Os 18 pecados mortais da Classe D
Segundo Colloms, os amplificadores de Classe D sofrem de 18 pecados mortais. Mais, portanto, que os da Santa Madre Igreja, mesmo tendo sido recentemente acrescentados alguns, como poluir e enriquecer (mas porque será que quase tudo o que é bom é pecado?). Dispenso-me de os enumerar a todos (os leitores poderão obter a lista completa aqui), mas apenas meia-dúzia deles seriam mais que suficientes para arrumar os amplificadores de Classe D no inferno das boas ideias audiófilas.
Alguns dos 'pecados' são óbvios até para um leigo. E nunca deixei de chamar a atenção para eles nos testes que publiquei (ver Artigos Relacionados), sendo que o mais óbvio de todos é o ruído de rádio frequência (RFI), que nenhum filtro parece ter conseguido eliminar completamente até agora.
Para sermos justos, dos 18 pecados apontados por Colloms, para aí uns 10 resumem-se às várias manifestações do ruído e outras interferências electromagnéticas, incluindo elevadíssimos níveis de DC na saída do amplificador.
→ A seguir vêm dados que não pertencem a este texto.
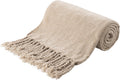 Beige Chenille Throw Blanket for Couch - Soft, Lightweight Comfort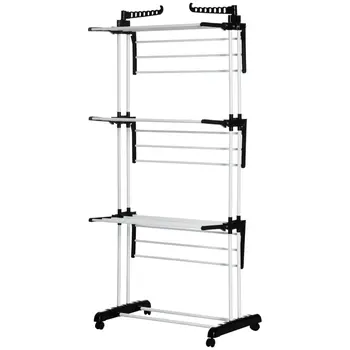 Foldable Clothes Drying Rack: 4-Tier Steel Clothes Airer with Castors, Indoor & Outdoor in Black by HOMCOM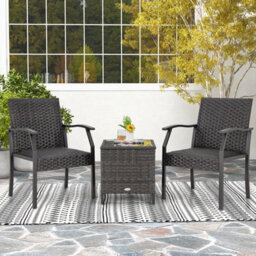 Costway 3 Pcs Patio Wicker Chair Set Outdoor Rattan Conversation Set W/ Padded Seat - thumbnail 5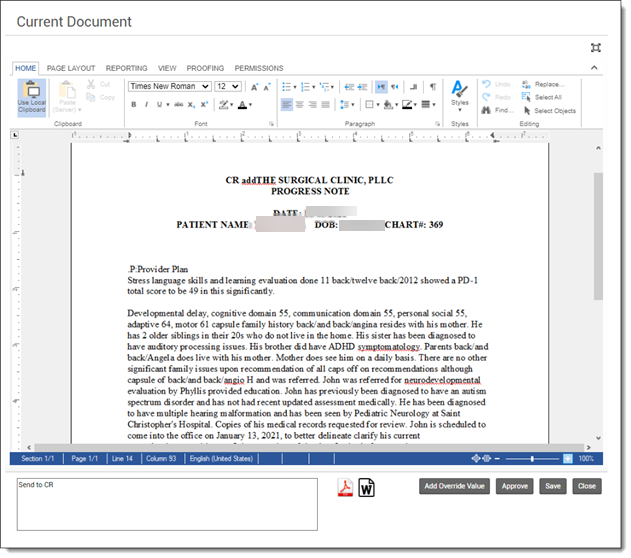 Edit document view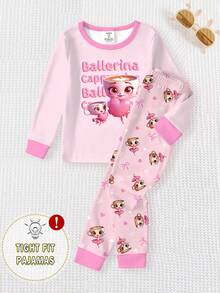 1 Conjunto de Pijama para Niñas Jóvenes con Parte Superior de Manga Larga de Punto Ajustada con Cuello y Puños a Contraste con Estampado de Corazones y Niñas, y Pantalones con Estampado Completo - Rosa - Ver 3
Os outros já são mais polémicos, embora facilmente mesuráveis, logo objectivos (?) e referem-se aos elevados níveis de realimentação negativa (que os fabricantes defendem), à variação da impedância de saída com a frequência (que os fabricantes negam), às desvantagens (vantagens no entender dos fabricantes) do elevado factor de amortecimento sobretudo nas baixas frequências.
Enfim, o rol é extenso, e a mim parece-me que Colloms (que eu conheço pessoalmente e admiro pela sua competência técnica e vasta experiência como crítico) se comporta aqui como um inspector da ASAE, ao apontar os perigos para a saúde dos enchidos e queijos artesanais, que nós depois comemos à mesa com prazer, acompanhados por um tinto do barril, fabricado com uvas esmagadas pelos pés (espero que lavados, mas para o efeito também não teria importância nenhuma).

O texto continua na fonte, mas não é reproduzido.